To describe Halloween: Resurrection it should be enough to remember that, upon its release, the genre of this film was officially changed from slasher/horror to horror-comedy.
In my series of reviews of Halloween movies, leading up to the upcoming Halloween movie (two months to go), we got to the lowest point. The new Halloween film will ignore all the sequels and, after seeing this atrocity known as Halloween: Resurrection, one would say it’s for the best.
After an opening scene where Laurie Strode is on screen for a few seconds – only to put Jamie Lee-Curtis on the poster for the movie – we follow a bunch of horny and dumb teenagers who agree on being part of a reality show that takes place in Michael’s former house. A show that has Busta Rhymes (what?!) as its host and that soon enough turns into a nightmare for the characters since Michael pays them a visit to kill them one by one.
What is there to say about this abortion of a movie? Should we start from the PG-13 rating, which would make any slasher as interesting as birdwatching in a place with no birds? Or maybe we should talk about the cast, more suitable for an American Pie flick than any other movie in the world?

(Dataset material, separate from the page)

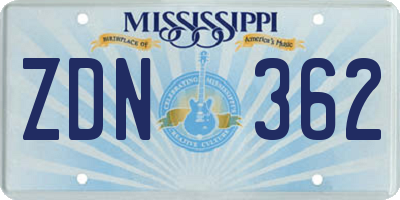 MS license plate ZDN362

Perhaps, shall we begin with the bluish colours so typical of early 00s American horror schlock and with the corny and unrealistic dialogues between characters with as much depth as a stool? Or is it worth mentioning the dubbing in scenes where the filmmakers realised there was no tension and no purpose, so they added voice over pretending certain characters were speaking?
Continue reading and check my final grade below…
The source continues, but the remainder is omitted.